**IN THE CLAIMS**

Please cancel claims 1-13.

For the Examiner's convenience, a list of all claims is included below.

1.-13. (Canceled)

14. (Currently Amended) An apparatus comprising: a first input to receive a first packed data comprising at least four data elements a second input to receive a second packed data comprising at least four data elements; a multiply-adder circuit, responsive to a first instruction, to multiply a first pair of data elements of the first packed data by respective data elements of the second packed data and to generate a first result representing a first sum of products of said multiplications of said respective data elements with said first pair of data elements, and to multiply a second pair of data elements of the first packed data by respective data elements of the second packed data and to generate a second result representing a second sum of products of said multiplications of said respective data elements with said second pair of data elements; and an ~~output~~output to store a third packed data comprising at least said first and said results in response to the first instruction.
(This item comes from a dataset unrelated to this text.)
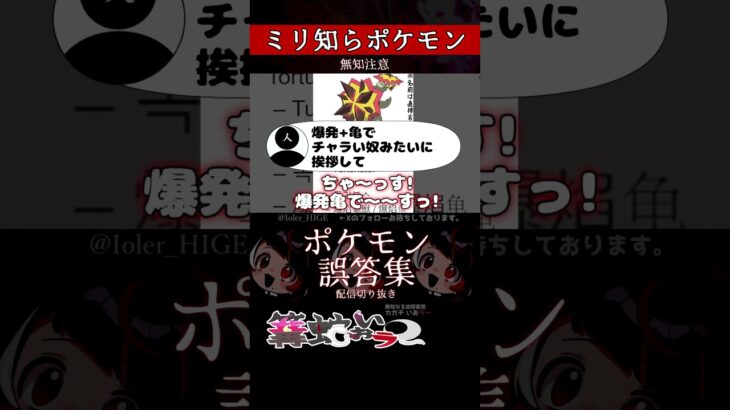 【ミリしら】ポケモンを知らなさ過ぎるミリ知ら名前当てクイズ231【Pokémon】【篝蛇いおラー】【配信切り抜き】#shorts #ポケモン #funny #pokemon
15. (Original) The apparatus of claim 14 wherein said first and second packed data each contain at least eight data elements.

16. (Original) The apparatus of claim 15 wherein said first and second packed data each contain at least 64-bits of packed data.
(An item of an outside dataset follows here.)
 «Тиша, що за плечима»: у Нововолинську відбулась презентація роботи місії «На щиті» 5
17. (Original) The apparatus of claim 15 wherein said first and second packed data each contain at least 128-bits of packed data.

18. (Original) The apparatus of claim 17 wherein said first and second packed data each contain at least sixteen data elements.

19. (Original) The apparatus of claim 17 wherein the first packed data comprises unsigned data elements.

20. (Original) The apparatus of claim 17 wherein the second packed data comprises signed data elements.

21. (Original) The apparatus of claim 20 wherein the first packed data comprises unsigned data elements.

22. (Original) The apparatus of claim 21 wherein the first and second results are generated using signed saturation.

23. (Original) The apparatus of claim 14 wherein the first and second results are truncated.

24. (Original) A computing system comprising: an addressable memory to store data; a processor including: a first storage area to store M packed data elements, the first storage area corresponding to a first N-bit source; a second storage area to store M packed data elements, the

second storage area corresponding to a second N-bit source; a decoder to decode a first set of one or more instruction formats having a first field to specify the first N-bit source and a second field to specify the second N-bit source; an execution unit, responsive to the decoder decoding a first instruction of the first set of one or more instruction formats, to produce M products of multiplication of the packed data elements stored in the first storage area by corresponding packed data elements stored in the second storage area, and to sum the M products of multiplication pairwise to produce M/2 results representing M/2 sums of products; and a third storage area to store M/2 packed data elements, the third storage area corresponding to a N-bit destination specified by the first instruction to store the M/2 results; and a magnetic storage device to store said first instruction.

25. (Original) The computing system of claim 24 wherein N is 128.

26. (Original) The computing system of claim 25 wherein M is 16.

27. (Original) The computing system of claim 24 wherein N is 64.

28. (Original) The computing system of claim 28 wherein M is 8.

29. (Original) The computing system of claim 28 wherein said M packed data elements of the first storage area are treated as unsigned bytes.

30. (Original) The computing system of claim 29 wherein said M packed data elements of the second storage area are treated as signed bytes.

31. (Original) The computing system of claim 30 wherein each of said M/2 results are generated using signed saturation.